» **Work item**
Return the entries exactly. Images are not part of the copy.

Brief descriptive captions:
:::
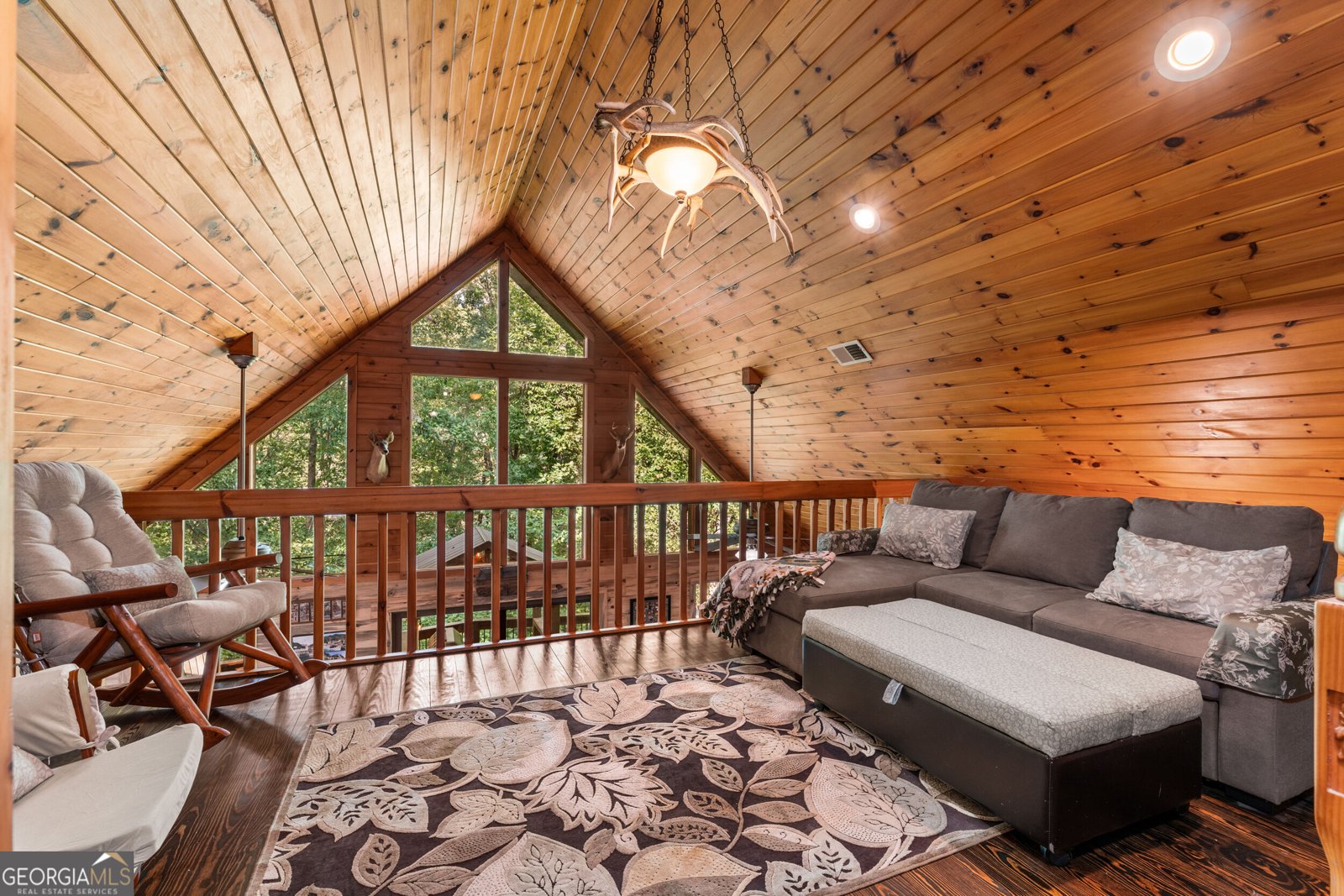 284 Major Ridge Road Blue Ridge - Photo 44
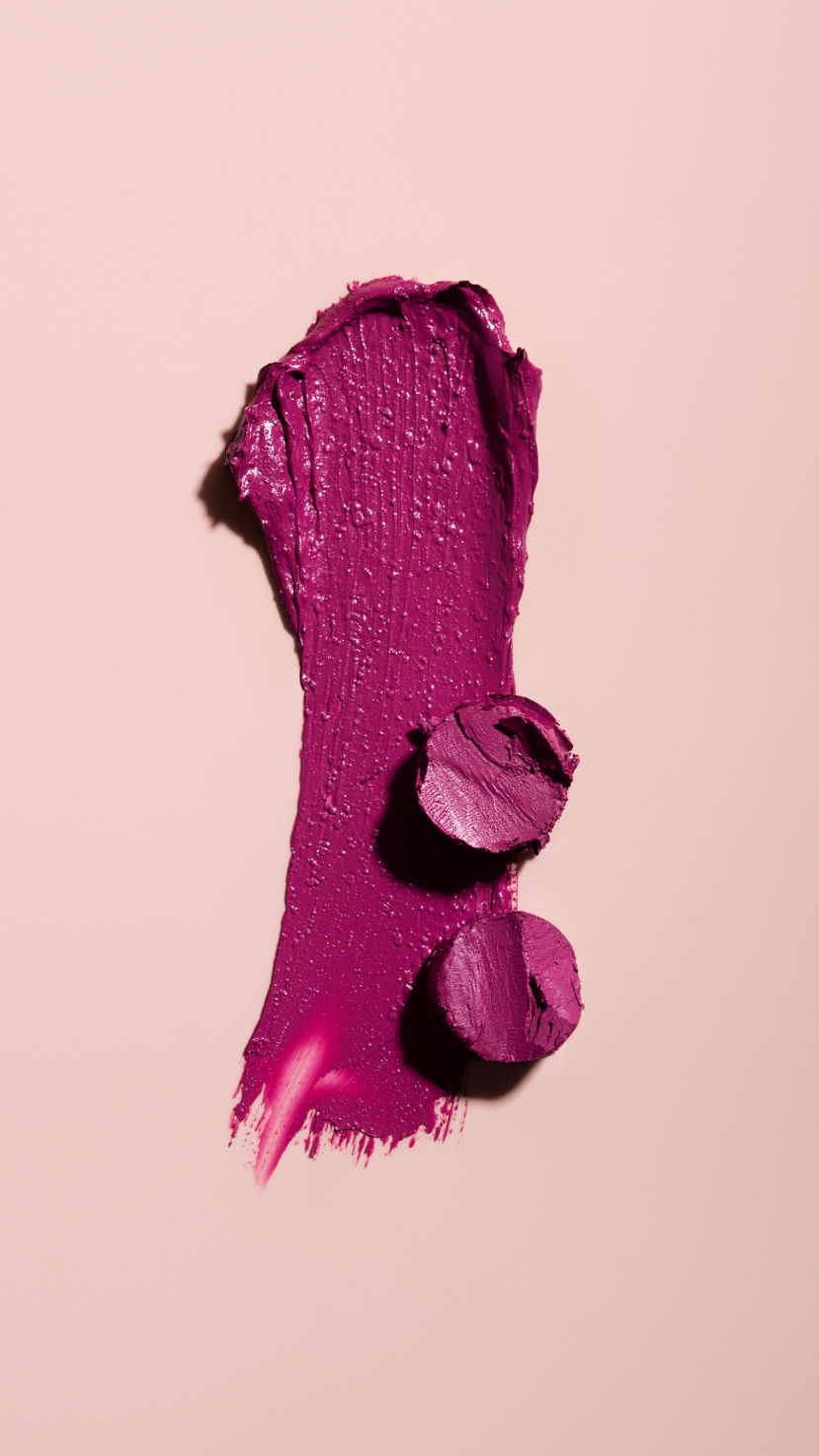 Warna kosmetik bibir sesuai zodiak, lipstick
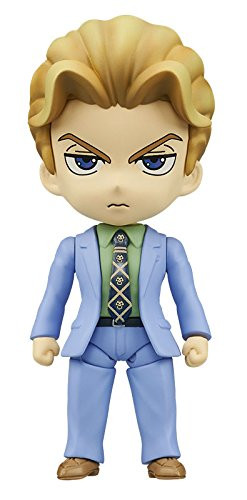 Di molto bene Minissimo TV Anime Jojo's Bizarre Adventure Kira Yoshikage Figure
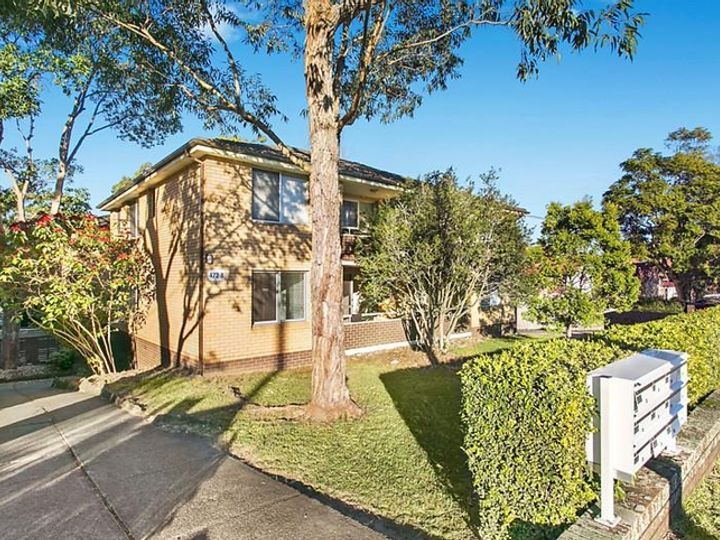 Real Estate For Lease 2/472B Mowbray Road Lane Cove , NSW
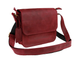 Шкіряна жіноча сумка &laquo;Desire&raquo; S - Марсала 797 фото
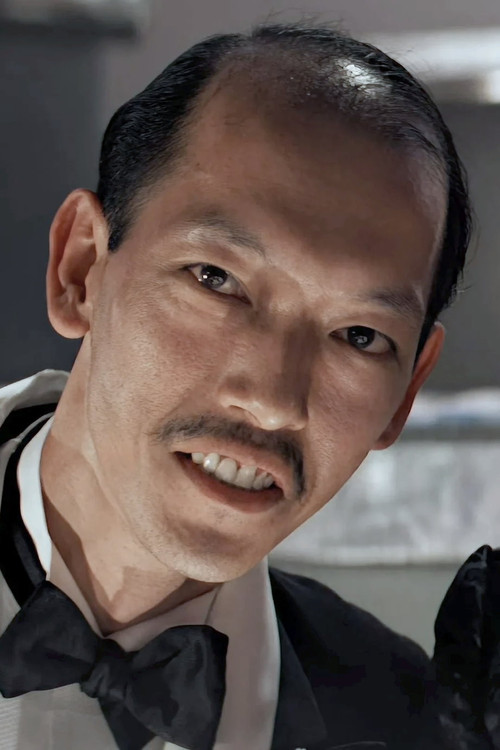 Chua Kah Joo as Chen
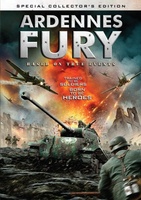 Ardennes Fury movie poster (2014) Sweatshirt #1213877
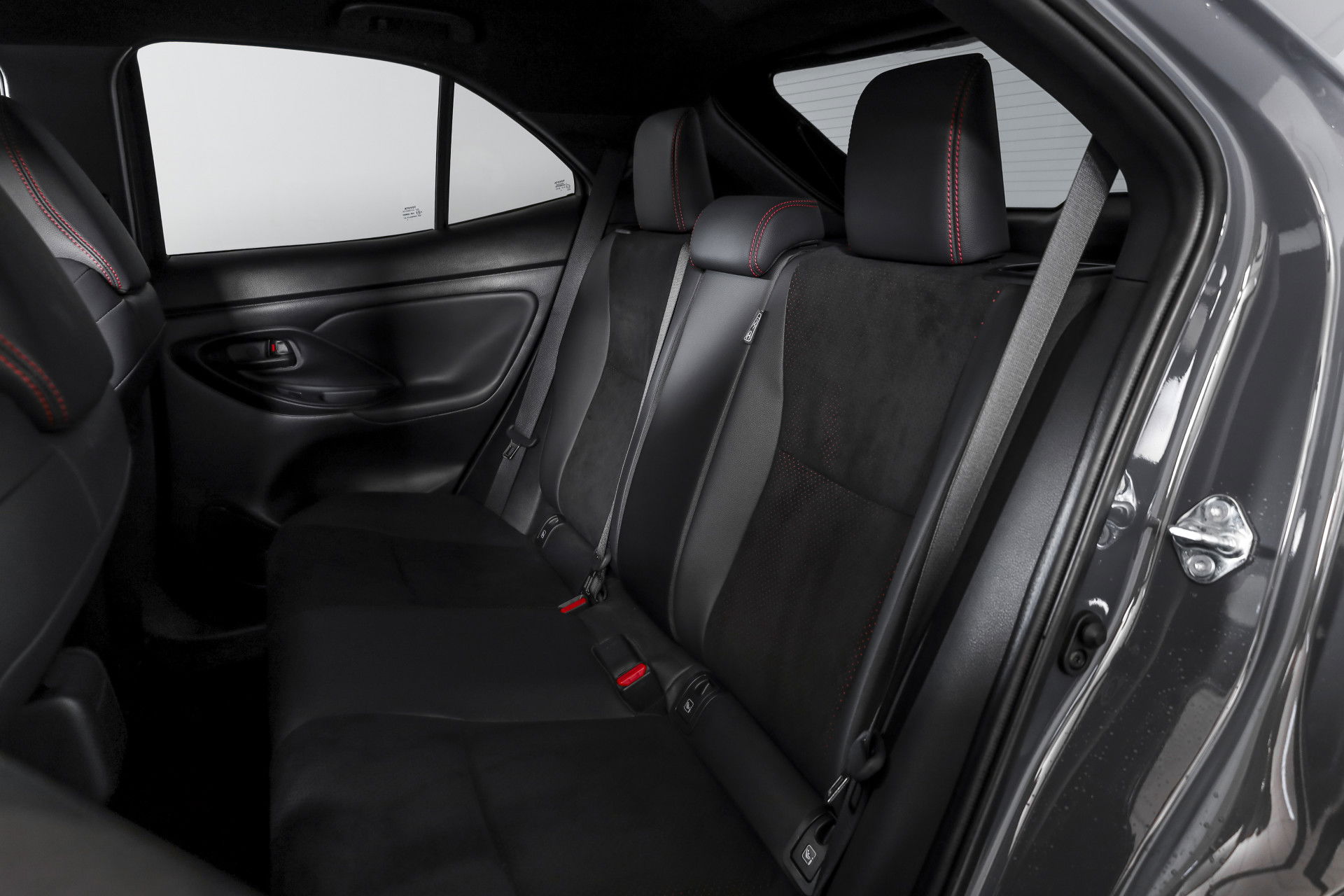 Toyota - Yaris Cross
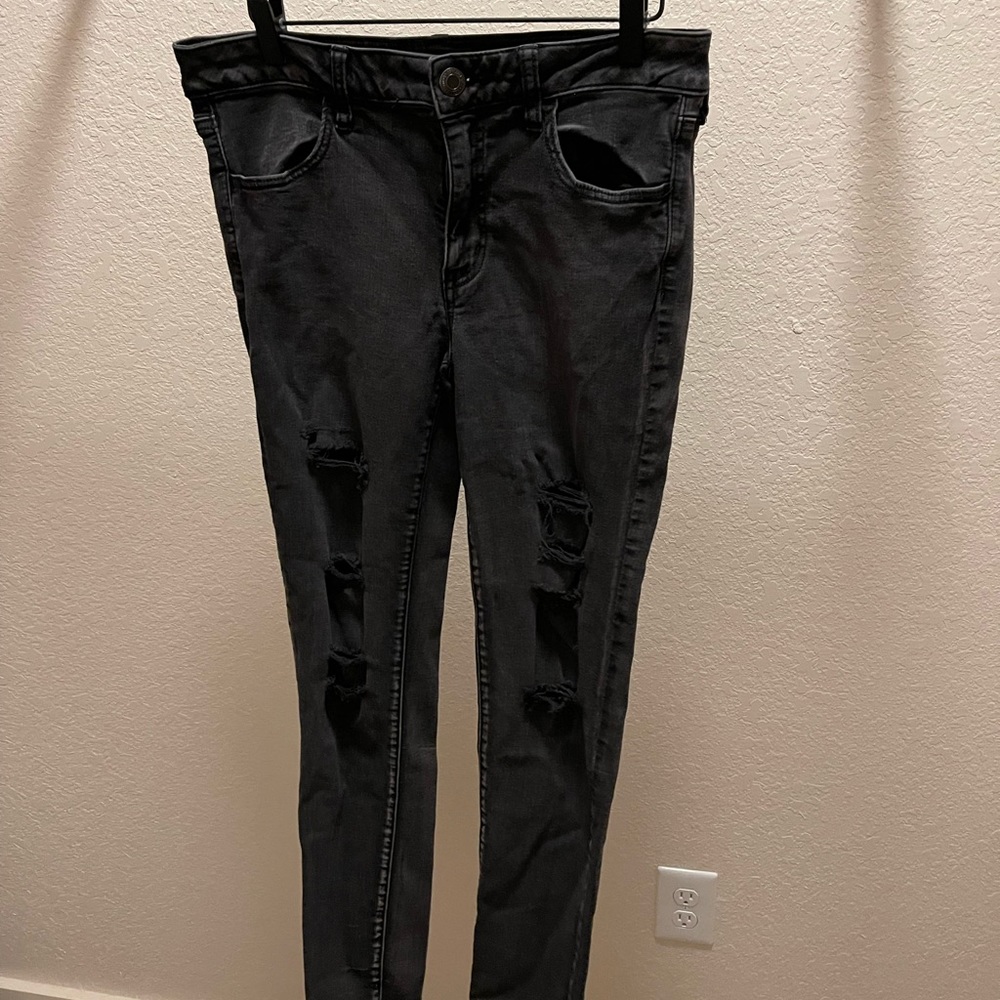 American Eagle Jeggings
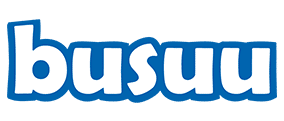 Busuu Logo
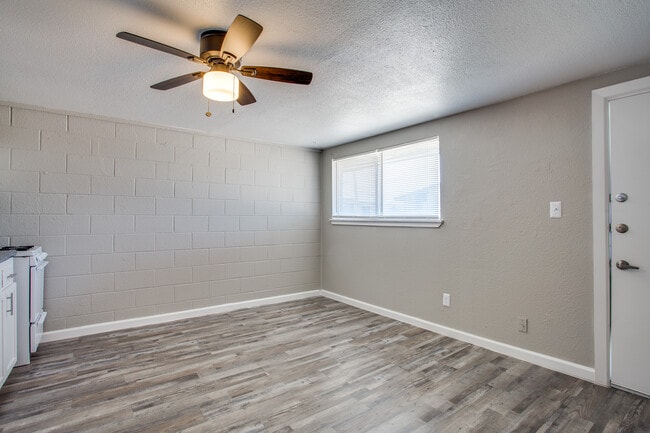 Oasis Apartments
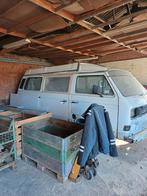 Vw t3 hefdak, Auto's, Volkswagen, Particulier, Te koop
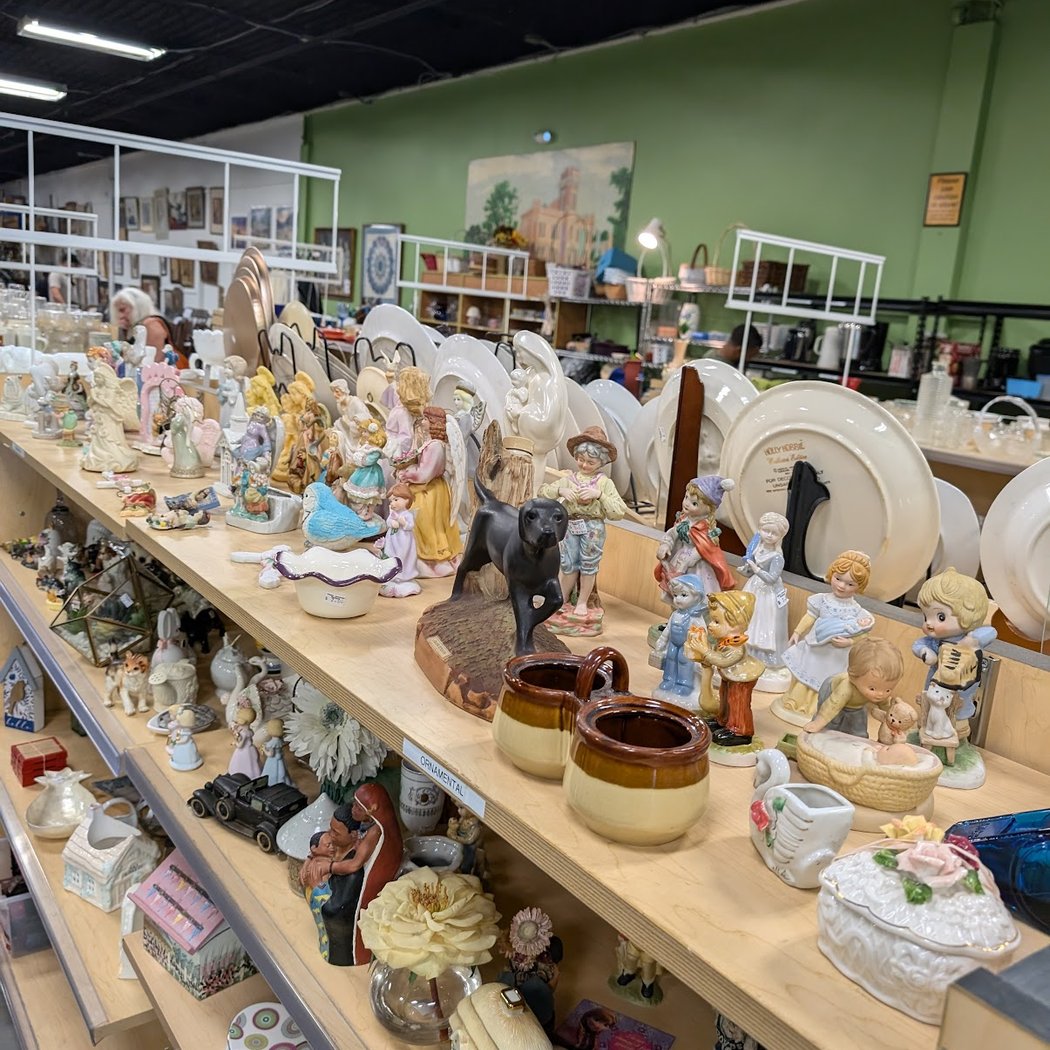 Habitat Newburgh ReStore 1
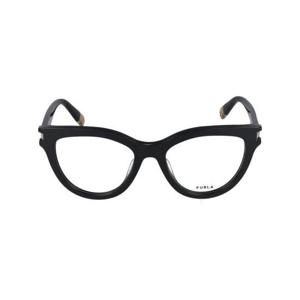훌라 안경 VFU679V Black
:::
» **Task output**
 284 Major Ridge Road Blue Ridge - Photo 44
 Warna kosmetik bibir sesuai zodiak, lipstick
 Di molto bene Minissimo TV Anime Jojo's Bizarre Adventure Kira Yoshikage Figure
 Real Estate For Lease 2/472B Mowbray Road Lane Cove , NSW
 Шкіряна жіноча сумка &laquo;Desire&raquo; S - Марсала 797 фото
 Chua Kah Joo as Chen
 Ardennes Fury movie poster (2014) Sweatshirt #1213877
 Toyota - Yaris Cross
 American Eagle Jeggings
 Busuu Logo
 Oasis Apartments
 Vw t3 hefdak, Auto's, Volkswagen, Particulier, Te koop
 Habitat Newburgh ReStore 1
훌라 안경 VFU679V Black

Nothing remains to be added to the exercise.